Acting Comptroller Williams Urges New Approach to Disclosures To Enhance Consumer Protection

WASHINGTON – Acting Comptroller of the Currency Julie L. Williams today urged bankers, government officials, and consumer advocates to work together to improve our current system of disclosure for financial consumers.

In a speech before Women in Housing Finance and The Exchequer Club, Ms. Williams said that such disclosures are at the heart of our current system of consumer protection, in which bank customers are to be provided with the information they need to make informed choices about financial products and services. However, she added, the system is on the verge of breaking down.

“And it’s reached that point not because consumers are getting too little information, but because they are getting too much information that's not what they're really after; and because the volume of information presented may not be informing consumers, but rather obscuring what's most helpful to understanding of financial choices,” she added.

Ms. Williams pointed to the work the Food and Drug Administration did in developing the highly-effective “Nutrition Facts” disclosures that appear in a box on food products. That effort, she said, was the result of painstaking work, in the field, the laboratory, plus extensive input from consumers.

“The clear labeling of nutrition content has not only enabled consumers to find products with the nutritional characteristics they’re seeking, it has influenced food producers to develop products that consumers want,” Ms. Williams said. “In other words, these disclosures have been effective and useful to consumers.”
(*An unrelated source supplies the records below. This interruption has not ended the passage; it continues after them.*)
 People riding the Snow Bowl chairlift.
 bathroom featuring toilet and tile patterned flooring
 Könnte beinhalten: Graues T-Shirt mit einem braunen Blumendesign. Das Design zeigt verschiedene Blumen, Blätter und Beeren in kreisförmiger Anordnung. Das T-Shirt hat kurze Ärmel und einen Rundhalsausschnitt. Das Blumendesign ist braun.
Ms. Williams said every party to the process – Congress, consumer advocates, bankers and regulators – must rethink its approach to consumer disclosures if the process is going to be made to work for consumers.

The FDA’s experience, Ms. Williams said, suggests that Congress should consider more emphasis in financial services legislation on articulating the goals to be achieved through a particular consumer protection disclosure regime, rather than the precise elements of mandated disclosures.

In addition, she said, “Congress should look for opportunities to require, and please provide adequate time for, regulators to include consumer testing as part of their rulemaking process.”

Regulators “need to embrace consumer testing when we design, or attempt to redesign, consumer protection measures,” she said.

“Let’s just admit that we can’t throw a bunch of lawyers—however talented—into a room and expect that they are going to come up with consumer disclosures that are understandable to most people,” she said. “There’s a critical element that’s been missing from our consumer disclosure rulemaking process—testing how consumers interpret particular disclosures and how to make disclosures usable to them.”

Bankers, she said, complain about excessive regulatory burden, but seem fearful of the consequences of a clearer, less burdensome approach to consumer disclosure such as a streamlined, short form privacy notice containing only certain key information.

“Marketing departments get uneasy because simple and straightforward disclosure of a bank’s information sharing policies and an easy means for customers to opt out of that sharing might mean—that customers will actually understand those policies—and decide to opt out,” she said.

While noting the vital role consumer advocacy organizations play in the bank regulatory environment, Ms. Williams said what seems to be absent in the dialogue with these groups is a discussion of the interplay of how to better inform consumers by disclosing better, but not necessarily more, information, and the impact of regulatory disclosure burdens on banking institutions.

“Why aren’t consumer organizations berating us to do consumer testing to find out what consumers really want and think is important?”

Ms. Williams urged all major participants in the process of developing financial services consumer disclosures to muster the resolve to change the current approach.

“The benefits will be better-informed, better protected consumers, clearer accountability concerning consumer treatment and consumer behavior, reduced regulatory burden—and a more robust financial services marketplace for all.”